What Stewart found was bad. Branches were acting entirely independently and recklessly, giving out loans to members of management as well as to their friends at non-commercial rates, as well as neglecting the necessary controls for a responsible banking institution. He set about replacing managers, as well as instituting bank inspections wherever the bank operated to ensure that the established practices were adhered to. To go from one town to another, the various inspectors would travel by horseback or similar modes of transport at the time.

Today, such methods would seem primitive and archaic. Bank branches are run centrally, with bank tellers and administrators acting as subservient extensions of automated banking core systems. Branch numbers have become redundant, because bank accounts are no longer held at branches, but centrally on the common technology platforms. And what happened to the various people employed in the middle layers that interfaced between the branch level and head office? They may be redundant.

Another story is told about the early days of Shoprite in the biography of Whitey Basson, by Niel Joubert. Whitey Basson is narrating what would happen when they would run out of chicken at one of their stores:

In those days we didn’t have cellphones, but we would put Johnny on the road with a truck full of chickens. He was only twenty minutes away from any Shoprite branch – ready to deliver chicken wherever it was needed. He was in contact with Laura via walkie-talkie as well.

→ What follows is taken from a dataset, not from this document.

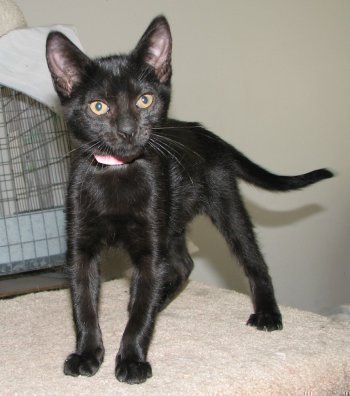 picture of Lima bean aka beanie baby, a Domestic Short Hair black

Now, Shoprite has its own distribution centers with IT systems integrated from the distribution center to the store and to head office, to always have instant information of what is happening in the store. What happened to the various people employed in the middle layers that interfaced between the store, the distributors and head office? They may be redundant.

Now, the intellectual descendants of Adam Smith may argue that those whose roles are made redundant now have the freedom to pursue other economic activities, making the wider economy more productive. Yet, perfect skill transfer is a theoretical myth. And even if achieved, it would be hard to start something new and compete with the large enterprises, without the financial muscle to implement the efficiencies that the larger enterprises can implement. One can see it with the failure rate of small enterprises in South Africa who try and compete with the larger companies. Where does this leave the middle class jobs? They may be redundant.

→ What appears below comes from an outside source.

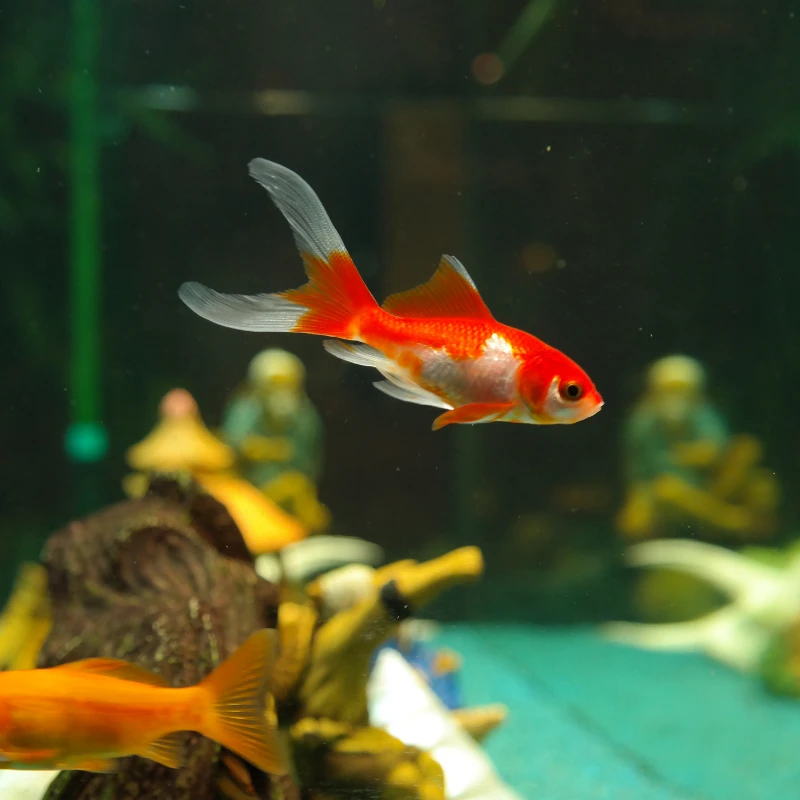 Sarasa Goldfish 5-6" - Image 2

Does this mean that large enterprises should not adopt these technology systems to improve efficiencies? Of course not. Without the automation and controls introduced by banking systems, all our deposits would be at risk, and the general financial infrastructure of the country would be fragile. If supply chain efficiencies weren’t brought in by retailers, costs of goods would be even more expensive, rendering them unaffordable for many. In addition, in an international playing field, the loss of cost competitiveness of local enterprises would result in an even further erosion of jobs and loss of income as whole businesses become unsustainably redundant.

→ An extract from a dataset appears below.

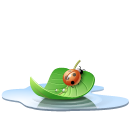 mariquita-035.png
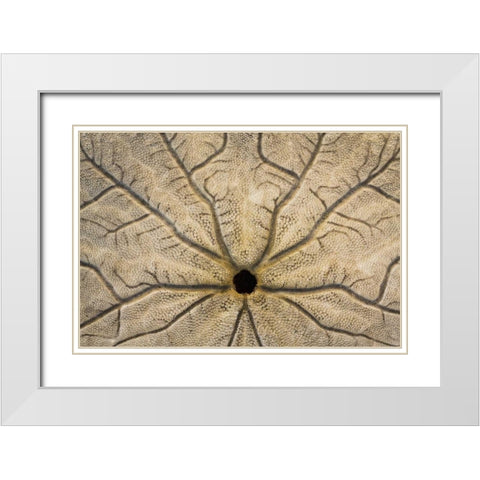 WA, Neah Bay Design on a sand dollar shell White Modern Wood Framed Art Print with Double Matting by Paulson, Don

Despite the uncertainty of success, it would be responsible for individuals to continually upskill to meet the demands of a changing world. It would also be socially and economically responsible for enterprises, governments and civil society organisations to invest in the upskilling, training and establishing of those whose skills and services are increasingly threatened by newer technology. This would ensure the enterprises continue to have a growing customer base, and the burden on the government and civil society isn’t increased by economic inactivity.